====== RECORDS ======
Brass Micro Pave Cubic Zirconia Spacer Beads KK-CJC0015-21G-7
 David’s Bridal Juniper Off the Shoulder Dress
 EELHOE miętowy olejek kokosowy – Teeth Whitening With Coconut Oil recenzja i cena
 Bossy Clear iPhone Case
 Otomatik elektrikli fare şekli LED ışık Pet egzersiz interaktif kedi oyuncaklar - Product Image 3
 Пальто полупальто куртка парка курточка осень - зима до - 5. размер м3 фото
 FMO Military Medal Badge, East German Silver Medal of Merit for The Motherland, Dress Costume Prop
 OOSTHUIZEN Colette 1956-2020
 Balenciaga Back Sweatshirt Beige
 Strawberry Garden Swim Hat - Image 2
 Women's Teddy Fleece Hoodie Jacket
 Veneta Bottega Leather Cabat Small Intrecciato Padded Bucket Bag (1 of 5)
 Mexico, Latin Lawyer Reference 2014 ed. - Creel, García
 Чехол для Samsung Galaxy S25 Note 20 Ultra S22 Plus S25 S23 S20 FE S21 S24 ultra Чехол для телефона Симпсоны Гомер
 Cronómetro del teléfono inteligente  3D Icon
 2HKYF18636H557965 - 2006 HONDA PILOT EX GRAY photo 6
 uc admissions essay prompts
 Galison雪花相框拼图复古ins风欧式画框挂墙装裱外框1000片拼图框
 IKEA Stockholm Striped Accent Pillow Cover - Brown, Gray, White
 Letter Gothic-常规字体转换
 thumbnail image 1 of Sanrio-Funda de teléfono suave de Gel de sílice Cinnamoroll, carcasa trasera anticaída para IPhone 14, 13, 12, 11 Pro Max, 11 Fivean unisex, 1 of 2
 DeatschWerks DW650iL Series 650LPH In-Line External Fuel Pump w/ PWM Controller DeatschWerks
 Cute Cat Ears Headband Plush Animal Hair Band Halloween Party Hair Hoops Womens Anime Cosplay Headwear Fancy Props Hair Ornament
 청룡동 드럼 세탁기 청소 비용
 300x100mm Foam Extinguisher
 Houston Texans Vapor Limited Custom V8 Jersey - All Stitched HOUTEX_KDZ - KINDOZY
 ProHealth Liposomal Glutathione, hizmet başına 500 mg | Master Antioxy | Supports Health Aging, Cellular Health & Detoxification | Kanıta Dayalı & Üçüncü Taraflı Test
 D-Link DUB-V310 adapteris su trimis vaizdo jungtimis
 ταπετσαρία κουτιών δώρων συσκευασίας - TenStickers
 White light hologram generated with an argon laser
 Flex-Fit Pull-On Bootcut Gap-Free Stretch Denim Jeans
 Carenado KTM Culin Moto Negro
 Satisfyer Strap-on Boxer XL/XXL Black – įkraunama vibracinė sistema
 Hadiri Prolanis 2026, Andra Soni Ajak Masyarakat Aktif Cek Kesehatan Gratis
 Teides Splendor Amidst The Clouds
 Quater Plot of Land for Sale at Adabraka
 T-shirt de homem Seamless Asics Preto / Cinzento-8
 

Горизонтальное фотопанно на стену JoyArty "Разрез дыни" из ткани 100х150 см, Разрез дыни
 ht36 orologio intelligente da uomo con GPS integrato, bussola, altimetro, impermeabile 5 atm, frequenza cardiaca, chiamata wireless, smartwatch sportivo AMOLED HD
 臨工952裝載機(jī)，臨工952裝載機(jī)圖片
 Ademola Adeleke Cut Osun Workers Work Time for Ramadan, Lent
======
Please reproduce, exactly as they appear above, the lines from the line containing "D-Link DUB-V310 adapteris" up to and including the line containing "Satisfyer Strap-on Boxer".

▶ _WRITTEN RESPONSE_:
 D-Link DUB-V310 adapteris su trimis vaizdo jungtimis
 ταπετσαρία κουτιών δώρων συσκευασίας - TenStickers
 White light hologram generated with an argon laser
 Flex-Fit Pull-On Bootcut Gap-Free Stretch Denim Jeans
 Carenado KTM Culin Moto Negro
 Satisfyer Strap-on Boxer XL/XXL Black – įkraunama vibracinė sistema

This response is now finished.